The claim by Marc Effron and Miriam Ort that they offer "the most powerful" processes that create successful talent is, at best, debatable. However, they do recommend a three-step process by which to increase value while reducing complexity of talent practices by integrating behavioral science, simplicity, accountability, and transparency within those practices. This process is eminently sensible but, of course, its effectiveness depends almost entirely on how well it is planned, executed, and then sustained by those who adopt it. Effron and Ort duly note, "Because talent practices work only if they are implemented, ensuring successful implementation must be a primary goal."
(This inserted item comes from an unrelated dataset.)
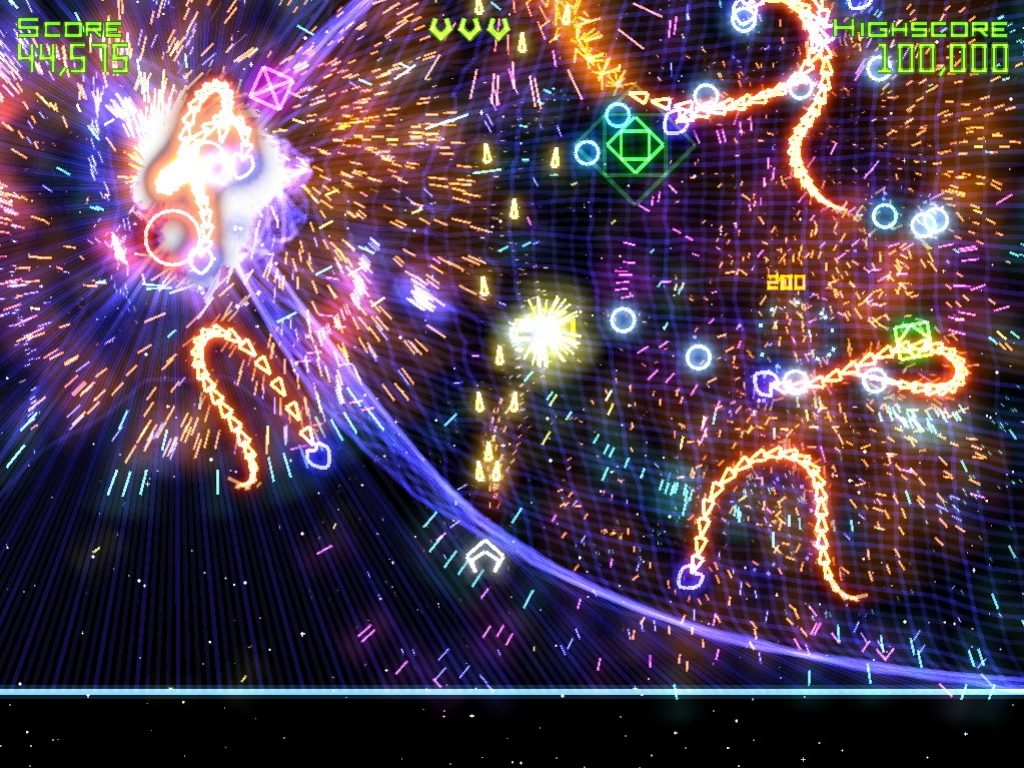 Geometry Wars: Retro Evolved - кадр 11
Most change initiatives fail, many if them the result of cultural barriers that James O'Toole so aptly characterizes as "the ideology of comfort and the tyranny of custom." Changing talent practices is certain to create resistance. Effron and Ort identify four talent-building barriers: (1) reluctance to eliminate needless complexity, (2) inability to create value, (3) unwillingness to stay current with cutting-edge research, and (4) reluctance to be transparent and accountable. The material provided is based on four assumptions with which I wholly agree: the available and relevant science works, only effective implementation matters, managers want to succeed, and finally, transparency and accountability guarantee results. OPTM can generate verifiable evidence to support these assumptions and thereby eliminate the aforementioned barriers.
With regard to the significance of "one page," Effron and Ort realize that the key form or process for every talent practice can be reduced to only a single page. However, as we all know, most electronic or print documentation about almost anything in business can be substantially reduced. For example, check out "American Express: A One Page Response to Challenging Times" (Page 19). Throughout their narrative, the co-authors make skillful use if several reader-friendly devices. Here is a representative selection of various Tables and Figures:
Table 1-1, Example of Transparent Action (Page 21)
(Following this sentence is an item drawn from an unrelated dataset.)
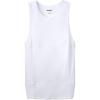 imageKingSize Mens Big ampamp Tall Sculpting Tank TopWhite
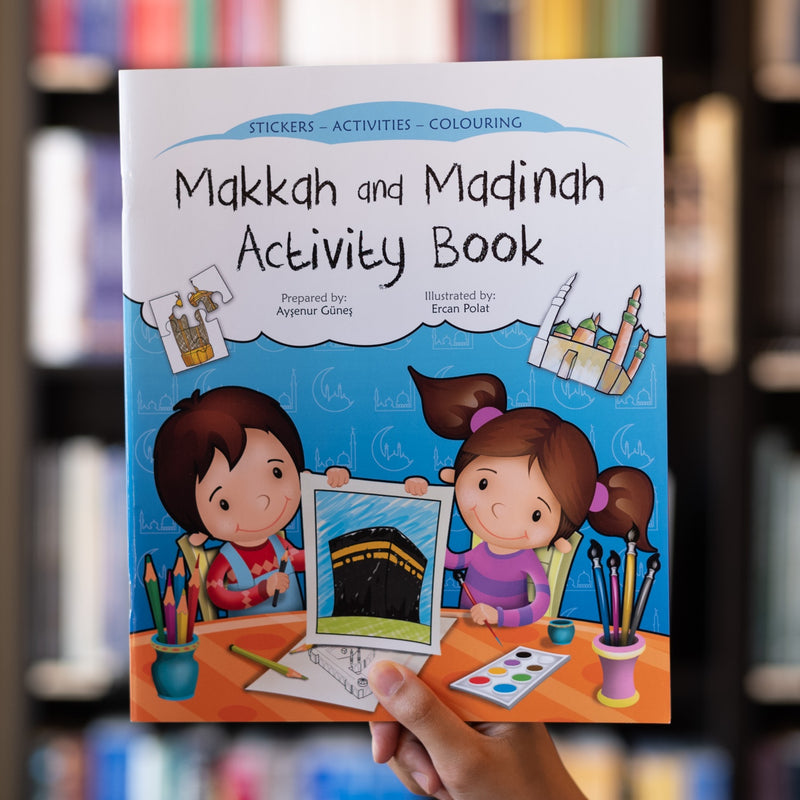 Makkah and Madinah Activity Book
Table 1-2, Examples of Accountable Actions (Page 23)
Figure 2-1, OPTM Performance Management Template (Page 47)
Figure 3-1, Example of OPTM 360º Assessment (Page 65)
Figure 3-2, Example of OPTM 360º Report (Page 72)
Figure 5-1, Example of OPTM Engagement Survey Report (Page 124)
It is important to keep in mind that Effron and Ort are sharing their own experiences with OPTM and base their observations and recommendations on real-world situations. Their insights are empirical rather than hypothetical or theoretical. The process is a framework within which each reader must formulate what is most appropriate to her or his own organization's needs, interests, resources, limitations, and strategic objectives. Moreover, I presume to add that an OPTM program will always be a "work in progress," sustainable to be sure but dynamic, responsive to change, and subject to frequent and rigorous evaluation.
At GE, the CEO selects his successor and Reginald Jones selected Jack Welch in 1981. His only advice: "Blow it up." The elegant and patrician Jones correctly realized that the company had become complacent and needed someone like Welch (scrappy, profane, volatile, confrontational) to lead it next. Welch became known as "Neutron Jack" as he sold off under-performing companies and eliminated under-performing executives. Attracting and retaining peak performers was one of his highest priorities. He devoted at least 20% of his time to mentoring and coaching high-potentials in middle management. I mention all this by way of suggesting that a methodology such as OPTM, if established and maintained properly, will accomplish two immensely important business objectives: it will attract high-potential candidates and then develop them and their associates to become high-impact workers at all levels and in all areas.
Here are two quotations that, I think, provide an appropriate conclusion to this review. First, from Peter Drucker: "There is surely nothing quite so useless as doing with great efficiency what should not be done at all." Hence the importance of focusing on what is most important. Now this observation from Albert Einstein: "Make it as simple as possible...but no simpler." Obviously, Marc Effron and Miriam Ort agree.